By 1988, Goizueta had wrapped Coke’s strategy around this one main objective: “to increase shareholder value over time.” “I wrestle over how to build shareholder value from the time I get up in the morning to the time I go to bed,” he said. “I even think about it when I am shaving.” If such an orientation sounded different than that favored by previous CEOs, that’s because it was. Typical of the old guard was Coca-Cola president William Robinson, who told a group at Fordham Law School in 1959 that it was a mistake for executives to put “the stockholders first, last, and all the time.” Rather, he said, a corporation had to serve four constituencies: the stockholder, the community, the customer, and the employee—Coke’s version of GE’s “balanced best interests” doctrine. But for Goizueta, the shareholder was the undisputed king. “There are plenty of… missions upon which a company could focus: serving customers… providing the highest quality of products and services; creating jobs and job security,” he said. “But I would submit that in our political and economic system, the mission of any business is to create value for its owners.”

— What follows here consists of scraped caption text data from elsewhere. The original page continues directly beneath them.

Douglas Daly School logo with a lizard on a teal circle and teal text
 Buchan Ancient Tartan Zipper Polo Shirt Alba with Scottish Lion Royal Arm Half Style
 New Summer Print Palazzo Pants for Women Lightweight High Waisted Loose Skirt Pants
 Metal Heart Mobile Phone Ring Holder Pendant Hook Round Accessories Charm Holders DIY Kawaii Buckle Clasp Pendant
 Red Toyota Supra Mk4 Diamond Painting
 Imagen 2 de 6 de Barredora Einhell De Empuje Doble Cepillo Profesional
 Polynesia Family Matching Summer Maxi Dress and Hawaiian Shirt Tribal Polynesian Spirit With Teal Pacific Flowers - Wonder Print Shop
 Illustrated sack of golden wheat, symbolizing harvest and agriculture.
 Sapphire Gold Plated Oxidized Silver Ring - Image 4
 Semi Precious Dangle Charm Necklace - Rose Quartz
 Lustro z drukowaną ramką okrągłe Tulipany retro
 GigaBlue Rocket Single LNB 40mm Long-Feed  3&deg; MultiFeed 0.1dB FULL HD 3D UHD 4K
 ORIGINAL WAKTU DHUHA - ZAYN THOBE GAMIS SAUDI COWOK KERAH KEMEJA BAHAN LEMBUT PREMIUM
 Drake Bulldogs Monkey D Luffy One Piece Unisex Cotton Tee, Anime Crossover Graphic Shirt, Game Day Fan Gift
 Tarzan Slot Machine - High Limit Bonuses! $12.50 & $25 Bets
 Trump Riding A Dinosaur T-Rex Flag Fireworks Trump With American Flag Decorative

Under Goizueta’s leadership, Coca-Cola split its stock and bought back billions of dollars of its shares—a maneuver that became popular throughout corporate America in the 1980s—in an effort to nudge the price higher. He also hectored securities analysts who dared to disagree with his vision for the company. One analyst, from Merrill Lynch, was essentially blackballed for a year after raising questions about Coca-Cola’s foreign currency exposure. Goizueta personally kept close tabs on the company’s share price as well. Constance Hays, who covered Coca-Cola for the New York Times, captured the scene that played out in a conference room in Atlanta, at a time before the gyrations of a company’s stock could be followed on any PC, laptop, or smartphone.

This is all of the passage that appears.